[Records from a dataset]
- Opening Delimiter -

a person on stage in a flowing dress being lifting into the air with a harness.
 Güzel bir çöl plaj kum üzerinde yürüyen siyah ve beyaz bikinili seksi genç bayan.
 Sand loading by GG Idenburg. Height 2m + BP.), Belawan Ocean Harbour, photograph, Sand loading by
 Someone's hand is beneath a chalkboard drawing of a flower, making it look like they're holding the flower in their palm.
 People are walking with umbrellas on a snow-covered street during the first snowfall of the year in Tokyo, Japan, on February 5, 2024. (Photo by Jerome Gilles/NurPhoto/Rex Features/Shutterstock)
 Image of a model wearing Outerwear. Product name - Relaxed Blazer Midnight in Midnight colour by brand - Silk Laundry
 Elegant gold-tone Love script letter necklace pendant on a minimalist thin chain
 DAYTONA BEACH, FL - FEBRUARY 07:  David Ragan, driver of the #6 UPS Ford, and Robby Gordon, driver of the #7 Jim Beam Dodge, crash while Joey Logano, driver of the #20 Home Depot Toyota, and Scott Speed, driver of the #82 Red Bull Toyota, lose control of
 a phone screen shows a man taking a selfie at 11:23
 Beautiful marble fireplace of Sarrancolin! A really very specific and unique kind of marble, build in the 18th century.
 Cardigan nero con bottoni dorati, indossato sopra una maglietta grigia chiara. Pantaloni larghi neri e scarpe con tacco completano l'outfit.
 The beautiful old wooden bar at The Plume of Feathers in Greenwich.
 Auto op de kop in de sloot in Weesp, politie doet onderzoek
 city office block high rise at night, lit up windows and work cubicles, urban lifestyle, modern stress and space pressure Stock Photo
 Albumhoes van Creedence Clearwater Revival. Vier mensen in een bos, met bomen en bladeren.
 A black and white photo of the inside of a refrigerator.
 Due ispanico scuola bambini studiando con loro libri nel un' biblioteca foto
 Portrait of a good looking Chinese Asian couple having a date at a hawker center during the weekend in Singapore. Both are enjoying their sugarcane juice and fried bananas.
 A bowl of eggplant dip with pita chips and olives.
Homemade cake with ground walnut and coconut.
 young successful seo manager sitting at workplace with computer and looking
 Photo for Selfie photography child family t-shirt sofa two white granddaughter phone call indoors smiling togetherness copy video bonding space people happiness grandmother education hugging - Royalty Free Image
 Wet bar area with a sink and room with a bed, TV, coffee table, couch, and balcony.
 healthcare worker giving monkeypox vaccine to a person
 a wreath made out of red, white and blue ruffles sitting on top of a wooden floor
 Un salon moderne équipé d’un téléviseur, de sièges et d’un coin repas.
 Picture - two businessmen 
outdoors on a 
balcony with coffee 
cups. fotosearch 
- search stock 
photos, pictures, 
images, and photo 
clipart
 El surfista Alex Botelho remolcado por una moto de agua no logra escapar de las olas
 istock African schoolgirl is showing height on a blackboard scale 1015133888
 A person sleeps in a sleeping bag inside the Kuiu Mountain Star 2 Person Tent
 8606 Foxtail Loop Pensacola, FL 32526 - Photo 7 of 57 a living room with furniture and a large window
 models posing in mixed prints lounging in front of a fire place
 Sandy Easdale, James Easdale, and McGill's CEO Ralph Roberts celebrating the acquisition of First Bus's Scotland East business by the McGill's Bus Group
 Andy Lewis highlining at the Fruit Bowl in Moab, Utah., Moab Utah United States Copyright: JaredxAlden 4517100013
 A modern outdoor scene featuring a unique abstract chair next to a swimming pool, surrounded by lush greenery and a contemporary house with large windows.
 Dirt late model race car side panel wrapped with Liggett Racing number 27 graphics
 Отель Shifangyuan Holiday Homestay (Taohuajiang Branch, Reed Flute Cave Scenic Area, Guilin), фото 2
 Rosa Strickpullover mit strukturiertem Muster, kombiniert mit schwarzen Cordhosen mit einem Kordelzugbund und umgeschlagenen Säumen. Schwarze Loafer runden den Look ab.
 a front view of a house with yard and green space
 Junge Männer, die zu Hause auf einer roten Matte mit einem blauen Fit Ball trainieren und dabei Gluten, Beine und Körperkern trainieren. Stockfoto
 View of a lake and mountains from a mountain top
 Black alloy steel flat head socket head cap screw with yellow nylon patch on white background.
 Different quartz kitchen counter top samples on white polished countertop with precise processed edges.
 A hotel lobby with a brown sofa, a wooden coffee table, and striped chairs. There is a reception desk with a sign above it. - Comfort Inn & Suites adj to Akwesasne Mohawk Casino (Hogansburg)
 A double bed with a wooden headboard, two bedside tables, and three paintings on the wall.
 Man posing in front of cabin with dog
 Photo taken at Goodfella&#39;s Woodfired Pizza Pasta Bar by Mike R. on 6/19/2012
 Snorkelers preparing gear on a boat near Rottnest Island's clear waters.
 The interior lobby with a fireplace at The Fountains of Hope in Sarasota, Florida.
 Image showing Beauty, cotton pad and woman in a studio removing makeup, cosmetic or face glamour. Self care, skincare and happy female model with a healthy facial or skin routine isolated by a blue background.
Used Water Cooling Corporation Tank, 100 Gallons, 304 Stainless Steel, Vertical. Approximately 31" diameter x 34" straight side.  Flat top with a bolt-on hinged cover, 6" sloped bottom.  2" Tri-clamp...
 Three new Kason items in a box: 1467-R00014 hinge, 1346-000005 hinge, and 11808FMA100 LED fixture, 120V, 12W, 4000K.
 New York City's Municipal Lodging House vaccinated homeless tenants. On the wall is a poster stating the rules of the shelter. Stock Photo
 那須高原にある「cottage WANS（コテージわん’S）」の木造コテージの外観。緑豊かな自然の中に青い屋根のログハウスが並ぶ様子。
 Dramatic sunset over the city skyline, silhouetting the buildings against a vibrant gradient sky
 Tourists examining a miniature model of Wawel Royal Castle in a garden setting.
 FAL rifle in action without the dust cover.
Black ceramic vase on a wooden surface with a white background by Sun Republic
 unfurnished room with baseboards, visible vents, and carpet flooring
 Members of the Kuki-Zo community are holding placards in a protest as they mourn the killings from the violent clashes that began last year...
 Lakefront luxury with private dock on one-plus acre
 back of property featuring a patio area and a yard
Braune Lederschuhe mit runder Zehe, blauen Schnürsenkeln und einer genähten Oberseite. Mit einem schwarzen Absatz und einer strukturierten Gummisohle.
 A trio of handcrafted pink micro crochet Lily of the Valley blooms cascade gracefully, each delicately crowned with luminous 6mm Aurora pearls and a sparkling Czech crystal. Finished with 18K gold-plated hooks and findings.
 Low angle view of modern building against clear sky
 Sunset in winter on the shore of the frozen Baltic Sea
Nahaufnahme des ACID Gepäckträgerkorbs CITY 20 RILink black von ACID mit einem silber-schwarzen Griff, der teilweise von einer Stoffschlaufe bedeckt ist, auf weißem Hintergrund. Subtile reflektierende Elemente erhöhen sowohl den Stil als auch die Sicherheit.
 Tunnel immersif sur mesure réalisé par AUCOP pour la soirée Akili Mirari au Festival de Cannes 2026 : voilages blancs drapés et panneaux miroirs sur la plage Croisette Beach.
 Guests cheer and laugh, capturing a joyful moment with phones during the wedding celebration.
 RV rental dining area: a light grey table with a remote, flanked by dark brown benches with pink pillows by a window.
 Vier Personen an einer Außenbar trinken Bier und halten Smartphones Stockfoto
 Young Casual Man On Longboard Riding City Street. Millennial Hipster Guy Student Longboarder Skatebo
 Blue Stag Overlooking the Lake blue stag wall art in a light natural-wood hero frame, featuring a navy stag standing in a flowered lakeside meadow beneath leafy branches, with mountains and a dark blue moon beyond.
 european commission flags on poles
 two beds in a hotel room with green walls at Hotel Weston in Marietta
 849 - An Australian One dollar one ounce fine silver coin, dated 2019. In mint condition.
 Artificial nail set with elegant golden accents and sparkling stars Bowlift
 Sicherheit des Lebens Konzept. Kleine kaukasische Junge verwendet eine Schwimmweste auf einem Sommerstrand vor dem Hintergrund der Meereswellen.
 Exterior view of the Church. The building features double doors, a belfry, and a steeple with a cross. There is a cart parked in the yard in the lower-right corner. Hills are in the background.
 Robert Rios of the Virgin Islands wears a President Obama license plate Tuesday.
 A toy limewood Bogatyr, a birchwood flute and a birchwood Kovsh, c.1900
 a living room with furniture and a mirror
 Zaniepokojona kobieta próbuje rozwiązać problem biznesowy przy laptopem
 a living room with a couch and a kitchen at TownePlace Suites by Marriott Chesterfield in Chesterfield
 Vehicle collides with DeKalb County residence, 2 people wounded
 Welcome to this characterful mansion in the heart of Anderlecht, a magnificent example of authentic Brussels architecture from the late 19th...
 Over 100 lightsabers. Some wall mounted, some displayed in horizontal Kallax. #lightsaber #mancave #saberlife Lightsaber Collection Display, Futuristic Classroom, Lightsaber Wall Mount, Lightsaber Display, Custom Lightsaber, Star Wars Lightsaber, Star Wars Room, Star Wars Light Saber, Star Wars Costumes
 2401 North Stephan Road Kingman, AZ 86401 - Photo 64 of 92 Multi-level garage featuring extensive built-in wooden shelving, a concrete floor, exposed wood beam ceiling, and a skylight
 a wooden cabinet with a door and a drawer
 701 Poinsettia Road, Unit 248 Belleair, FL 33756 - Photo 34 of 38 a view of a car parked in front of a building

- Closing Delimiter -

* **PROBLEM TO SOLVE**: Your answer should be the lines above from the one containing "Image of a model" through the one containing "young successful seo", copied exactly and with both ends kept.

* **TASK RESULT**:
 Image of a model wearing Outerwear. Product name - Relaxed Blazer Midnight in Midnight colour by brand - Silk Laundry
 Elegant gold-tone Love script letter necklace pendant on a minimalist thin chain
 DAYTONA BEACH, FL - FEBRUARY 07:  David Ragan, driver of the #6 UPS Ford, and Robby Gordon, driver of the #7 Jim Beam Dodge, crash while Joey Logano, driver of the #20 Home Depot Toyota, and Scott Speed, driver of the #82 Red Bull Toyota, lose control of
 a phone screen shows a man taking a selfie at 11:23
 Beautiful marble fireplace of Sarrancolin! A really very specific and unique kind of marble, build in the 18th century.
 Cardigan nero con bottoni dorati, indossato sopra una maglietta grigia chiara. Pantaloni larghi neri e scarpe con tacco completano l'outfit.
 The beautiful old wooden bar at The Plume of Feathers in Greenwich.
 Auto op de kop in de sloot in Weesp, politie doet onderzoek
 city office block high rise at night, lit up windows and work cubicles, urban lifestyle, modern stress and space pressure Stock Photo
 Albumhoes van Creedence Clearwater Revival. Vier mensen in een bos, met bomen en bladeren.
 A black and white photo of the inside of a refrigerator.
 Due ispanico scuola bambini studiando con loro libri nel un' biblioteca foto
 Portrait of a good looking Chinese Asian couple having a date at a hawker center during the weekend in Singapore. Both are enjoying their sugarcane juice and fried bananas.
 A bowl of eggplant dip with pita chips and olives.
Homemade cake with ground walnut and coconut.
 young successful seo manager sitting at workplace with computer and looking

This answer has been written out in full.